The Grapes of Wrath by John Steinbeck
Cannery Row by John Steinbeck
All the King’s Men by Robert Penn Warren
The Stand by Stephen King
Earth Abides by George R. Stewart
Contact by Carl Sagan
Ireland: A Novel by Frank Delaney
Pastwatch: The Redemption of Christopher Columbus by Orson Scott Card
The Given Day: A Novel by Dennis Lehane
A Confederacy of Dunces by John Kennedy Toole

Even though they’re fiction, I’ve learned something from all of these books. Others have been entertaining to read but it’s always a little disappointing to me if I feel like I haven’t learned anything by the end of a book, whether it’s something about a certain time period or the universe or people or even myself.

I love books that pay attention to language and the sound of language. One of the pleasures of reading is to stumble on a perfect sentence or paragraph that illuminates everything. The Grapes of Wrath and All the King’s Men are full of phrases like that. They’re masterpieces and I’m in awe of the authors every time I read those books. Cannery Row is much shorter but it’s still a masterpiece. I love the descriptions of people, from the very first paragraph on.

Maybe I’m a little obsessed with the apocalypse, but Earth Abides is a book that helped me learn more about myself. Different traditions or customs slip away in the post-apocalyptic world, and I was surprised at how upset I’d get whenever the characters let that happen. Then I’d catch myself and wonder why it was so upsetting. It made me realize how ingrained a culture can become. The Stand is also about the apocalypse but its greatness is more in the way the characters are described.

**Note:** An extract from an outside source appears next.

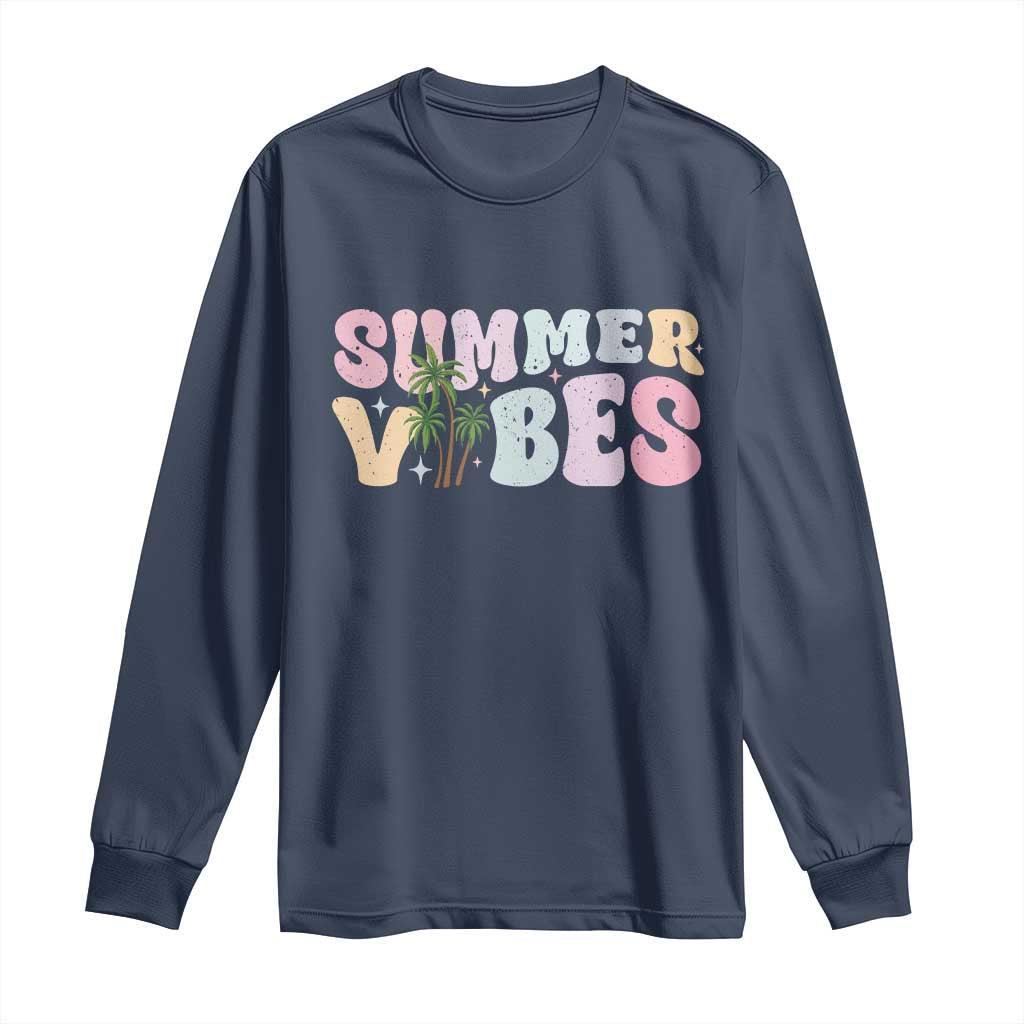 Summer Vibes Long Sleeve Shirt Beach Life Gift Distressed Beach Mom - Wonder Print Shop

I love Contact for everything it says about the universe and people. Ireland: A Novel weaves history and myths into an already interesting story and the storyteller character is perfect. Pastwatch shows the effects history has on people while imagining a different world if only some events could be revisited and corrected. The Given Day: A Novel describes the time period after World War I so well that I felt like I lived through it with the characters. The descriptions of the Great Molasses Flood alone are worth the read.

People seem to either love or hate A Confederacy of Dunces. I thought it was one of the funniest books I’ve ever read. Everyone in this book is a true character and I love how they all affect each other in different ways.

What are some of your favorites and what kinds of things do you look for in a favorite book?